It had been a hot September day and the sun that had worked so hard to
ensure that even my dark skin get sunburns was regretfully showing it’s final
orange-red rays in the horizon, a reminder that its reign of terror was a
possibility the following day.
DH-T stood near the
opening of the once white tent, whose sides had gaping holes, emphasizing its
unkempt state. He was listening intently to, Kamau, one of the many youth that
looked up to him, as if Kamau was the only thing that mattered in his life.
When he saw me walking
towards him, he forgot for a moment about Kamau and a smile, so warm and
welcoming, spread across his dark chocolate face. At that point, I must have
thought I was the most important person in his world. Happy to see him, I
returned the smile; he was my constant reminder that one of the best pleasures
in life is people. I said my hellos to the duo, quickly excusing myself,
wondering into my thoughts, and finding ways to apologize for being late again.
I didn’t need to
apologize; DH-T began entertaining me with fables, jokes and facts the minute
he was done with his little meeting, flashing that smile that showed the
incisor that jutted out from the normal alignment of his set of teeth in
defiance to the lack of space- a symbol of his character. He led me to the
place we hang out when we needed free Internet.
“Have you started your
blog?” He asked, hopeful.
“No.”
He grunted, feigning
anger and disgust. He decided at that moment that putting up my blog was the
most crucial thing to do. It was about 6.30 pm and I knew I shouldn’t agree to
this. It could take ages if the Internet was slow and my siblings expected me
home by 7.30. If I arrived late, they wouldn’t be too pleased with me. Although
these worries flooded my mind, I agreed to his plan. How could I say no to him?
As luck would have it,
the Internet was slow and I didn’t have a name for my blog. As time wiled away,
we stared blankly at the screen trying to figure out what I would call my new
creative and expressive platform.
7.00. No name. We chat
a little, hoping chatter would spring up a name or even a clue.
7.05. No name. He
tells me about his latest story that I have fallen in love with.
7.15. Still, no name
and DH-T was getting tired of hearing me repeat over and over, ‘my sister will
kill me’ like some sort of chant that would materialize a title for my blog. He
was so weary of my song that he typed it as the title of my blog and continued
with the process of signing up.
I don’t even remember
the time I arrived home. I just know it was past 7.30 pm. I think my sister was
a little ticked off by my being late though she wasn’t ready to go out to
dinner. I shouldn’t have been so worried after all.
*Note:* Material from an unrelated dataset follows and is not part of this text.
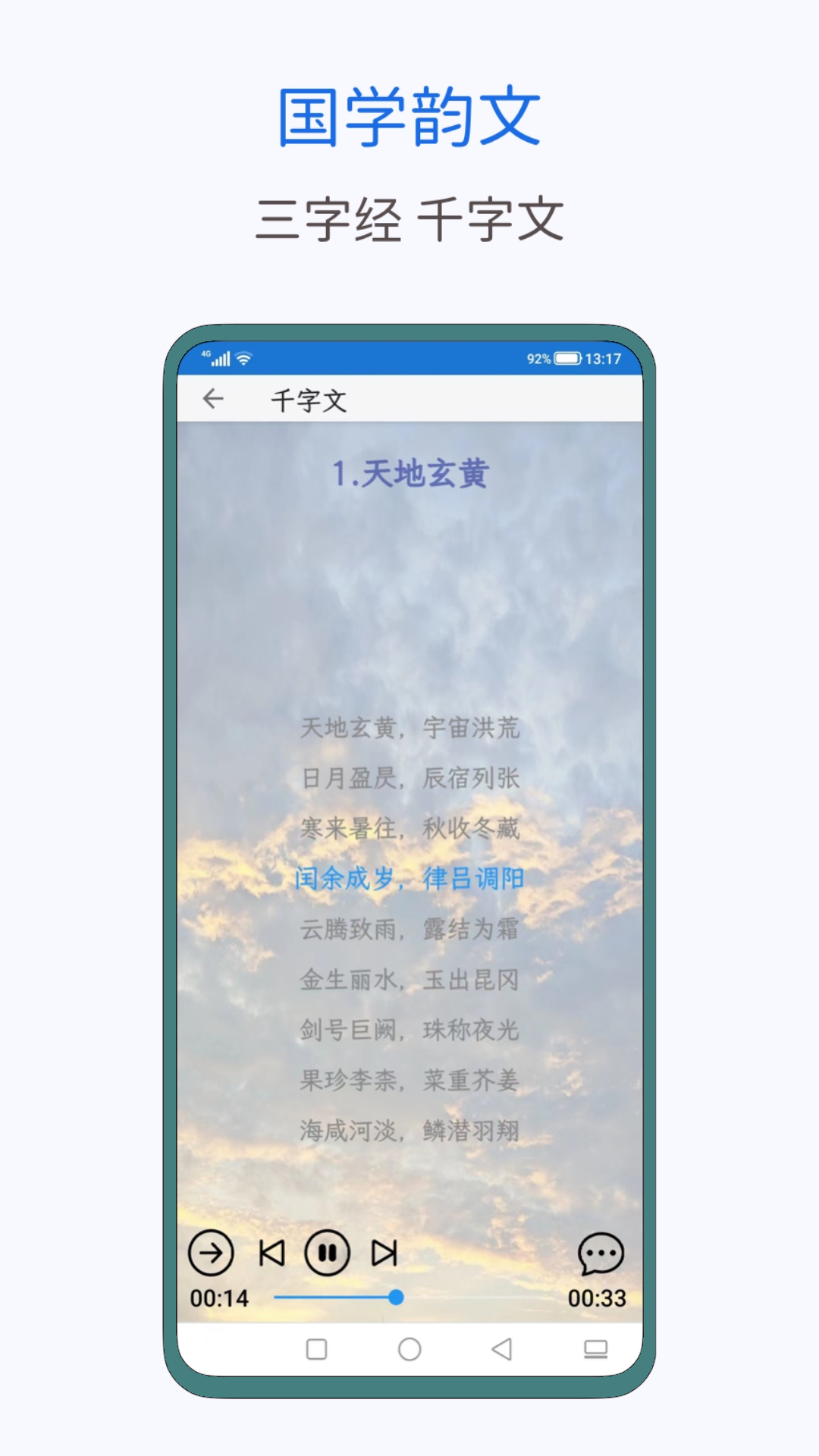 精彩截图-风雅诵诗词2025官方新版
A couple of hours later, after jokes and lots of tales had been shared around a dinner table, my beautiful sister gave a toast in my honour. She said the most
amazing things about me in front of her friends. I tell you, it was a
wonderful, emotionally charged moment, realizing that my sisters believed in me
and that they loved me a lot. All I could do was smile, take a sip of my wine
and hope the lump that was forming in my throat would go down with the wine. It
didn’t.
So, this is for my big
brother DH-T and Sensei for pushing me to begin this blog and write, believing that one-day I’ll be a big shot in the Literature scene and for making sure I had posted this blog post; and to my
wonderful siblings who love me as I am, believe in me even when I don’t,
challenge me to chase after my dreams and inspire me to be unique and kick ass.
Thank you for making this happen.
And this is to my
beautiful, talented, and intelligent self. Unanimity is for the invisible. Keep
writing!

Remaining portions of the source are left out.